One percent of Americans join the military, and they are some of the best of us. Their spirit will hopefully permeate the American culture once again. When that patriotism becomes so infectious, we will see leaders rise with it. Remember how you felt on 9/11? That is how so many feel today. The anger, betrayal, grief, sadness and, a call to arms are just a few of the cascading emotions that led to bars and restaurants around the globe honoring the fallen 13. Soon it will be time for the healing of 9/12, and the re-invigoration of a nation can begin. America will not easily forget these 13 military members for their sacrifice for their fellow man. Let us pray and prepare the ground for genuine leadership to follow.
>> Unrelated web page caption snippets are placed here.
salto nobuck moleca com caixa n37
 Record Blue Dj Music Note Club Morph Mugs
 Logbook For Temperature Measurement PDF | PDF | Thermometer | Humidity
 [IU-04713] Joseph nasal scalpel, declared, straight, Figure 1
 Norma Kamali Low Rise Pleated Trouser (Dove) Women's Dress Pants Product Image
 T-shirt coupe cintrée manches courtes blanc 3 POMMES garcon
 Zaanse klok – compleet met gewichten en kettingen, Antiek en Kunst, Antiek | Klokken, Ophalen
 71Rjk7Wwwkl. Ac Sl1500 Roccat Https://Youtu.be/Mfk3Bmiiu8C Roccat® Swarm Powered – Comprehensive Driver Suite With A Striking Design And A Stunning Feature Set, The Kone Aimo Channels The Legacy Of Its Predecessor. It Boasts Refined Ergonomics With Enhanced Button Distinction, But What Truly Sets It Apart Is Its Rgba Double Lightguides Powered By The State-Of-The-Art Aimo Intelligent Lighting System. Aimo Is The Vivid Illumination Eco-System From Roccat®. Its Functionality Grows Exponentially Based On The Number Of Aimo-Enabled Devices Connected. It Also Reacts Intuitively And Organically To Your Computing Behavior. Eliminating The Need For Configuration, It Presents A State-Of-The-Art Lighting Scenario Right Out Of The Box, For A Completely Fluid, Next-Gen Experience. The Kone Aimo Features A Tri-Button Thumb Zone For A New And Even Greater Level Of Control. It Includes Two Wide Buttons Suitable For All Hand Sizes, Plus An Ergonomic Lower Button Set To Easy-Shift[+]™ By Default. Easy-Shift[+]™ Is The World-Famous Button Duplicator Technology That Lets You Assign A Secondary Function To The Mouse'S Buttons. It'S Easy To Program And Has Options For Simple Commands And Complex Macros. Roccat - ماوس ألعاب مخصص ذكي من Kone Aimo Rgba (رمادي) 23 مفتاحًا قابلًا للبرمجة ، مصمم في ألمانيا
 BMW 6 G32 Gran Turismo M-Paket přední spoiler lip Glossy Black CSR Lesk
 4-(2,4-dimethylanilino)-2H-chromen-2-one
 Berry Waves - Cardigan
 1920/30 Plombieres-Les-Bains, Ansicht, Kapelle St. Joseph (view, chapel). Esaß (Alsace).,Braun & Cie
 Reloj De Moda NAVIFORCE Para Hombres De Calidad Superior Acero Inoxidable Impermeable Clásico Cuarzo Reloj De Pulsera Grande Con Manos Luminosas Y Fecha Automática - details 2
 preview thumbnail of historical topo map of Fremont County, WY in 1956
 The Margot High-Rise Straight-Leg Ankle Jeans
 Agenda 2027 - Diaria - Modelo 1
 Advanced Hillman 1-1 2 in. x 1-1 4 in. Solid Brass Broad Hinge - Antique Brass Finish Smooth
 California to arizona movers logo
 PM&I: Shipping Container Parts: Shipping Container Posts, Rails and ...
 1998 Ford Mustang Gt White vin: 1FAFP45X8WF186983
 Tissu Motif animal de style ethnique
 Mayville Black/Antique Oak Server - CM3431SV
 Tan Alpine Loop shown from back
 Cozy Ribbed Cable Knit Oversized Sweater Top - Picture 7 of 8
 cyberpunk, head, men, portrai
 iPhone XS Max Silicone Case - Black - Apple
From the current administration to the star-clad shoulders, we demand accountability and action. We sow the fields of leadership and honor our fallen by hoisting our flag high. We respect it and honor it by our reverence for what it stands for. That flag still stands for hope and freedom as long as patriots are willing to put their lives on the line for it, even if our country’s suits and brass wouldn’t. That is why we might be in crisis, but we are not in dire distress. Patriots will honor the fallen and fly our flag proudly. Will the leaders step up and do the same?